Practically right away, you get a carafe of water with lemons in it; the liquid is refreshing, palate-cleansing. Other libations: exotic cocktails, plus some wines and Filipino beers. A kalamansi Margarita supplies a tangy, sweet kick with the booze; meanwhile, juices and shakes (including one made with avocado) fill out the rest of the drinks section. Still, if you want to get really authentic, try the sago gulamun: It comes in a tall glass, and it’s filled with a brown, sugary solution that may have you addicted at first gulp.

Don’t drink so much that you get full before the rest of the meal, though. There’s a huge list of options to consume, including sizzling sisig, which combines savory, succulent pork bits that are mixed, tableside, with unctuous fried egg on a hot skillet; you may not feel like lauding bacon again after trying its toothsome, pig-sourced cousins here. Other starters: crispy kangkong, a dish of fried water spinach that’s delicate, melty on the tongue and totally devoid of grease.
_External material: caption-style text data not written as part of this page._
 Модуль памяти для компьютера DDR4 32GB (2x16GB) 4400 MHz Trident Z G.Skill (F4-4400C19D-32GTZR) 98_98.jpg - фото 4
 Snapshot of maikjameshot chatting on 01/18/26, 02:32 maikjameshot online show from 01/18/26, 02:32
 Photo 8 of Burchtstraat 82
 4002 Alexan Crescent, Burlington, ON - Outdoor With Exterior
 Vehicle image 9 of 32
The lumpia Shanghai are crunchy as well, though it’s the ensaladang langka that might capture your more immediate attention; the soft, vinegary salad is furnished with clumps of boiled jackfruit and is transporting, creamy, wild.
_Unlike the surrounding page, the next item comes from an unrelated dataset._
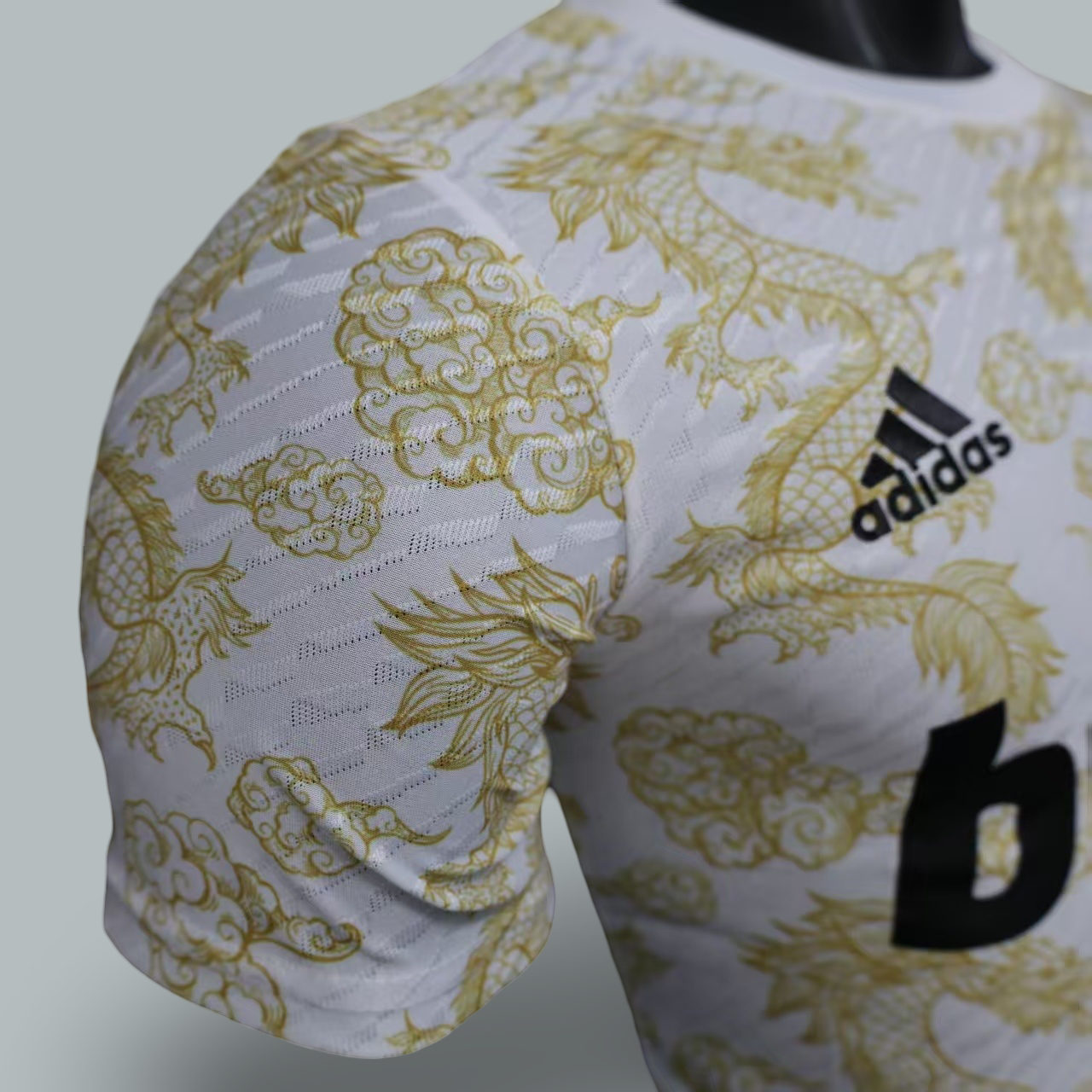 Real Madrid 25/26 "Royal Legends" Player Version Premium Kit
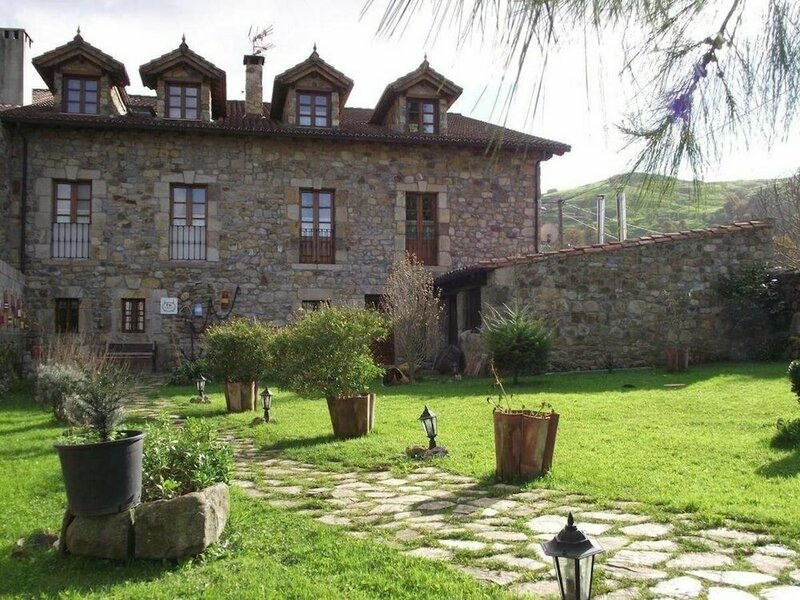 Гостиница Posada Solar Montero de la Concha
Go further, perhaps with pinakbet, a smooth collection of sauteed vegetables, including the bizarrely munchy bitter melon, which is as sour and uncompromising as a visit to the DMV, yet much more palatable. Or you could sample the snackable lechon kawali pork: golden, mild and fatty as all git-out. Pair that with the crispy chicken adobo, which comes to you on the bone in a rich, huggable sauce, and you’ve got it made.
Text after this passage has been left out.